The Congressional Gold Medal, next to the Presidential Medal of Freedom, is the nation’s highest civilian honor. It has been awarded to notable Americans such as President Harry S. Truman, Dr. Martin Luther King Jr. and Coretta Scott-King, and The Tuskegee Airmen.
On March 21, Congress awarded the OSS with the Congressional Gold Medal to honor its members collectively for their pioneering service. The agency, formed in 1942, coordinated espionage activities for the U.S. Armed Forces during WWII and proved especially useful in providing information on Germany’s war effort.
At its peak in 1944, the OSS employed close to 13,000 people. Today, only 100 members of the organization are still alive. Mrozik is one of them, as Clarke and her team discovered after extensive research.
“Your service has made it possible for us to live the lives we live today,” said Clarke. “We often like to complain, but things could have been a whole lot worse, if you would have not made the sacrifices you have made at such a young age.”
A Brooklyn native, Mrozik joined the U.S. Navy at the age of 17. He served with the OSS from 1943 to 1946 and ranked Specialist X First Class. In 1946, Mrozik left the Navy and enlisted in the U.S. Army.

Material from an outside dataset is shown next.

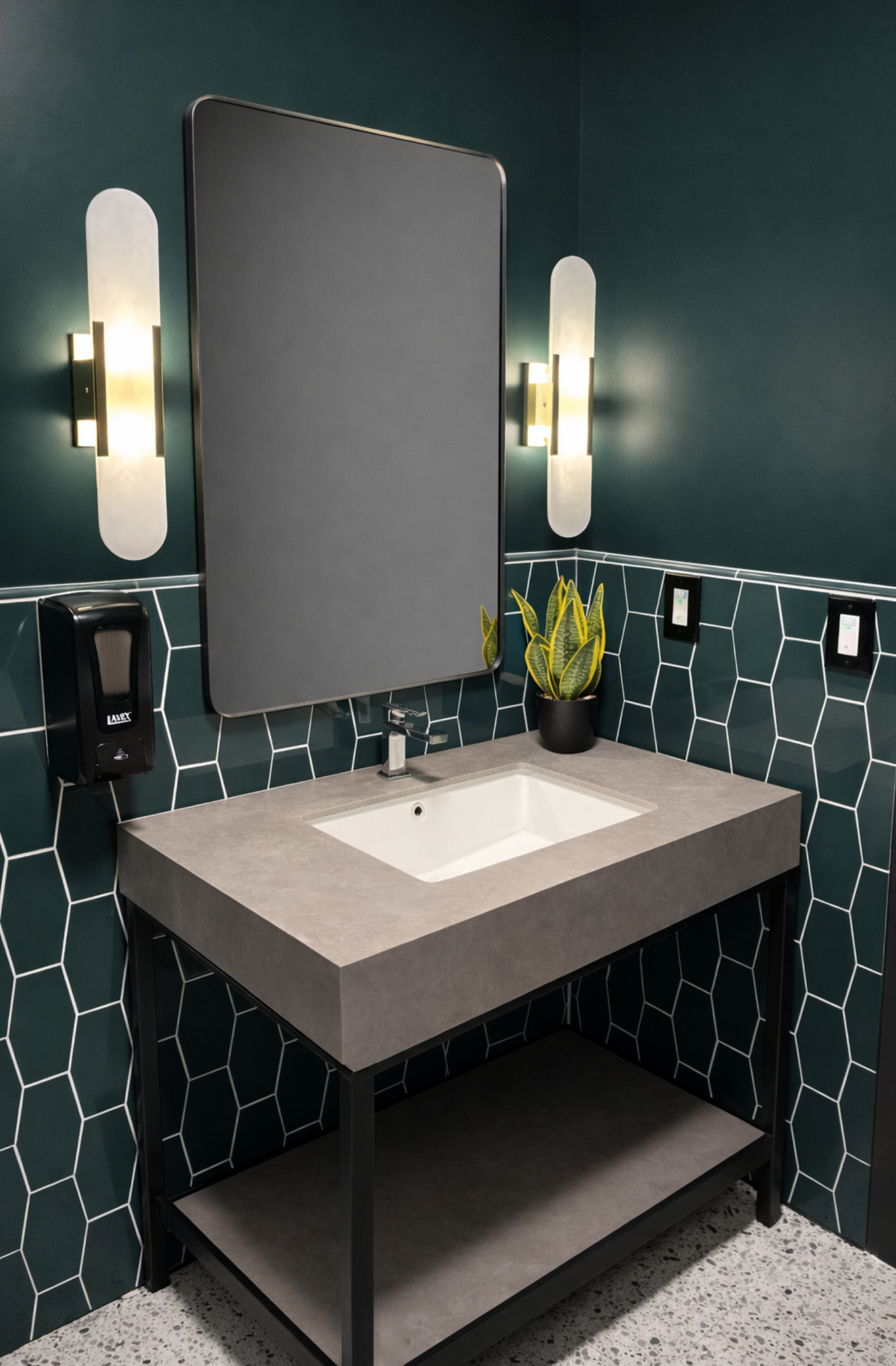 Modern bathroom vanity with gray sink, large mirror, wall sconces, and dark green tiled walls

After his discharge in 1952, he continued his career with the Department of Defense until his retirement in 1988.
The 93-year-old veteran still reminisces about his time in the OSS, as his daughter Barbara shared.

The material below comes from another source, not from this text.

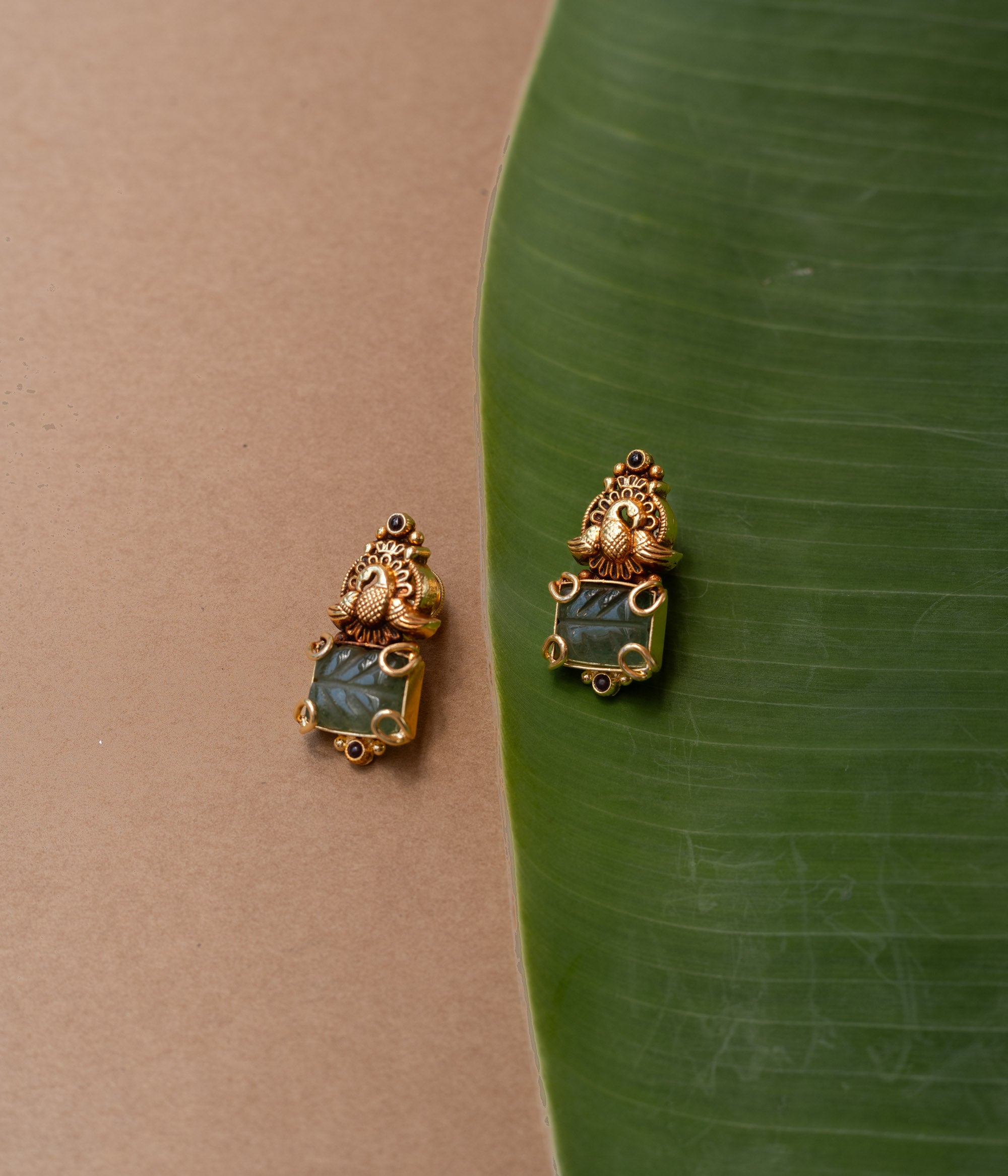 Temple-style gold earrings with peacock design and green onyx stone, from the Temple Collection.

“My father talks about his service in the OSS all the time,” she said. “It was a very important part of his life. And he shared his experiences and values with us kids, so we can become the people we are today.”
Her sister Anne, visibly moved, thanked Clarke for honoring her father.
“Throughout our lives, he has instilled in us values that we live by today,” she said. “The thought that you could make this day possible for my father, means the world to me.”